Dos muitos embates que eu presenciei, na localidade em que vivo, e que marcou nesses anos de lutas de classe, política e social, eu destaco uma e em um momento muito particular. Das muitas ridiculices, que eu presenciei, eu um mero habitante do subsolo, da sociedade estratificada, eu o mero trabalhador mal pago, o agente efetivo do aparato repressivo do estado. Em suma, eu uma figura menor, dos grandes debates e grandes embates públicos entre classes.
E lá estava, no parlamento local, eu um homem negro, marxista, um diminuto militante do movimento sindical e movimento negro, muitas das vezes um mero observador anônimo e nada mais. Era o primeiro decênio do início do século XXl, e o mergulhado em debates públicos efervescentes, pois uma onda progressista à esquerda, vinha varando o país. E grandes avanços sociais, se viram em todos os cantos do país.

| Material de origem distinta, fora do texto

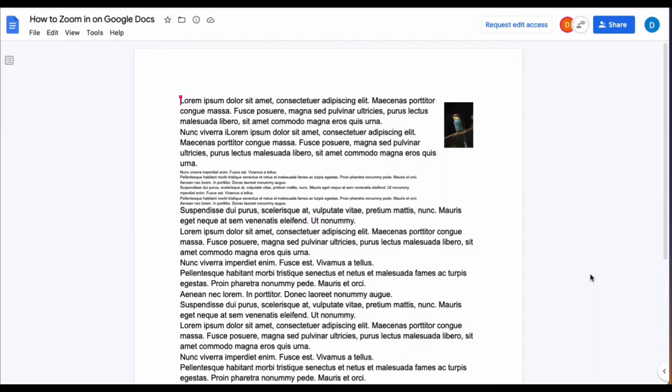This is Darius from therabbitpad.com, and in this video I'm going to show you how you can zoom in and out in a Google Doc.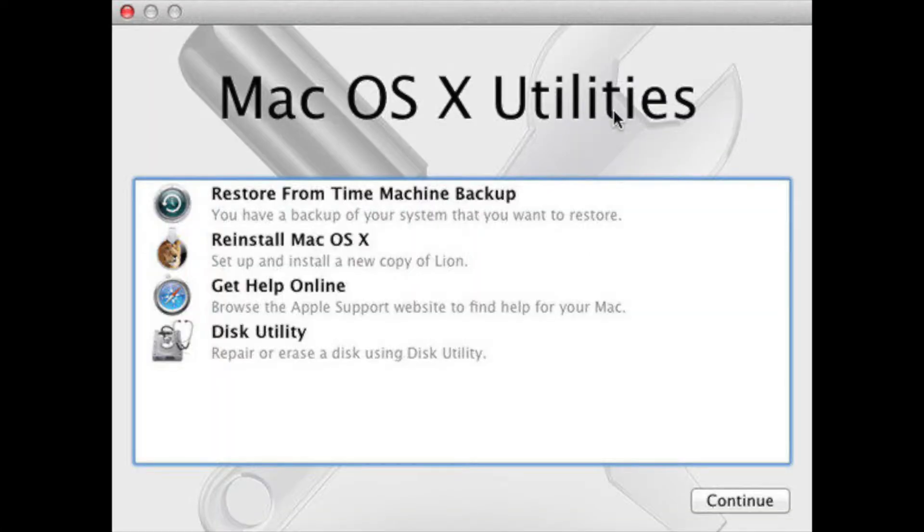The fix I found was to first run recovery mode and go into Disk Utility to reformat your disk.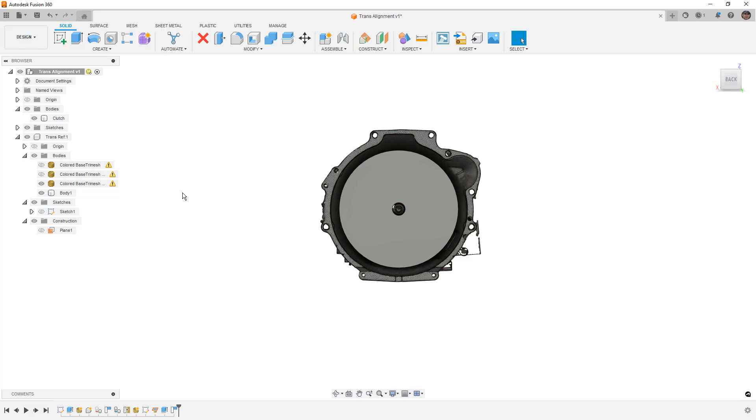Then we could use tools like move copy or align or even creating a joint to position it in our assembly. Now, this process that we looked at was with a single mesh and a solid body, but it should work if you have multiple meshes. You can simply create a component for each one, create the features that you need to reference, whether it's a cube or a cylinder or whatever you need, and then use tools like move copy or align to put them into their correct position.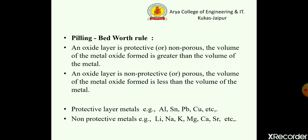The examples of protective layer metals are aluminium, tin, lead, and copper. The examples of non-protective metals are lithium, sodium, potassium, magnesium, calcium, and strontium. This rule is related to the first classification, which was oxidation corrosion.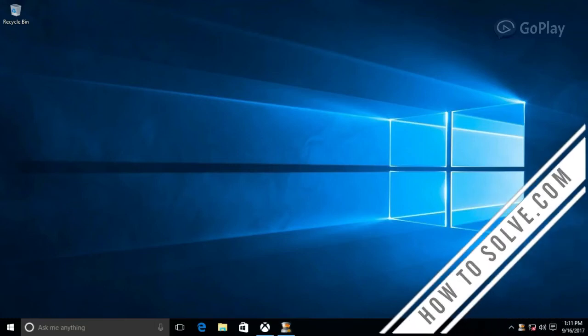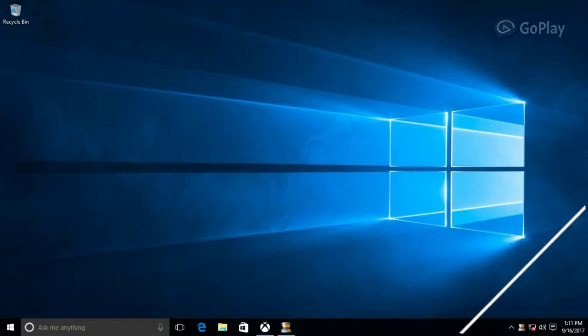Hello and welcome. Today we are going to show you the screen recorder from Microsoft in Windows 10.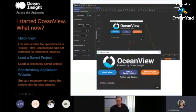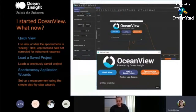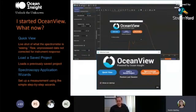QuickView is what we used to call scope mode — it's a live shot of what the spectrometer is seeing, raw unprocessed data not corrected for instrument response. Think of QuickView as a diagnostic mode: it helps you set acquisition parameters so you're not saturating. The second option is to load a saved project — you can customize and create amazing OceanView projects and reload them from the welcome screen. The third option — where most people will go first — is the spectroscopy application wizards, which walk you step-by-step through getting into a processed mode like absorbance, reflection, or other modes. This welcome screen opens every time you start the software unless you remove the 'show on startup' option.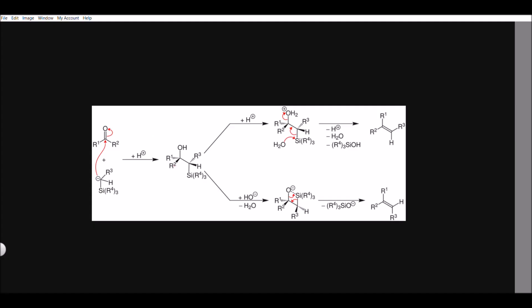Good evening, guys. Today we are going to talk about Peterson olefination. In the Peterson reaction, one important thing to know is that we have alpha silyl carbanions. When our alpha silyl carbanion reacts with a ketone, as shown here, we get beta hydroxysilanes.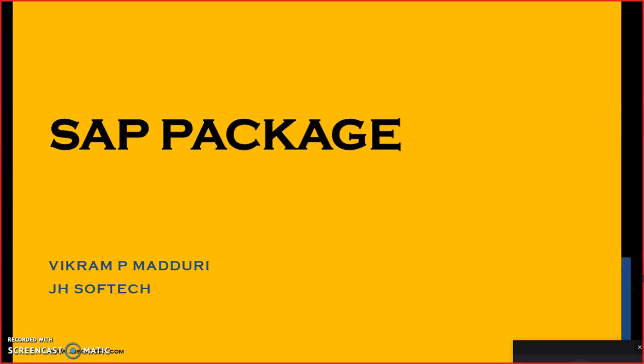Hello everyone, this is a short session in which we are going to discuss how to create a package in SAP software. It's been mandatory for all the SAP BW consultants as well to create a package and then move everything into that.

E voltando ao tema aqui, no parlamento local do lugarejo que vivia e vivo enquanto dedilho este texto, logo depois do dito grande expediente o primeiro momento onde são apresentadas as pautas do dia, que iriam ser debatidas e votadas. O então presidente da casa do povo, alinhado com a tal onda progressista à esquerda, resolveu cometer um pequeno suicido político em público. Assim que terminou, o dito grande expediente, do parlamento local, o querubim-mor, saiu de lá, das densas alturas e foi se misturar com os meros mortais. Enquanto os demais parlamentares locais, foram ter com as suas vidas, nos bastidores do poder o querubim-mor. O excelentíssimo senhor edil camarista e presidente da casa do povo, se deslocou da mesa da presidência e foi sorridente pavonear, em meio aos meros mortais. E lá estavam todos, os meros mortais e o querubim-mor, o parlamentar presidente do parlamento local, na segurança, mais que segura, no páramo, nós separados por uma pequena amurada. Afinal de contas, as figuras mitológicas, os semideuses e as semideusas, não se misturam, com o populacho, com os habitantes do subsolo.
No lado dos mortais estava eu, mais um parlamentar conservador de oposição, mais um famoso jornalista setorista local, uns alguns outros meros mortais, diante do impávido e poderoso querubim-mor. E ele, o sorridente parlamentar presidente da casa do povo, o ser mitológico, então perguntou para a audiência involuntária, se tudo estava indo bem. Então com cara de poucos amigos, um popular, em que nada estava indo bem. Quem era o dito popular? Um professor de educação física, ele dando conta de atletas, jovens atletas, estavam abandonados, pelo poder público local! Quem eram os jovens atletas? Eram jovens atletas de cidades do interior, receberam proposta do poder público local, vieram integrar os quadros de atletas locais. E segundo o tal professor, estavam abandonados à própria sorte, pelo poder público local, estavam na rua.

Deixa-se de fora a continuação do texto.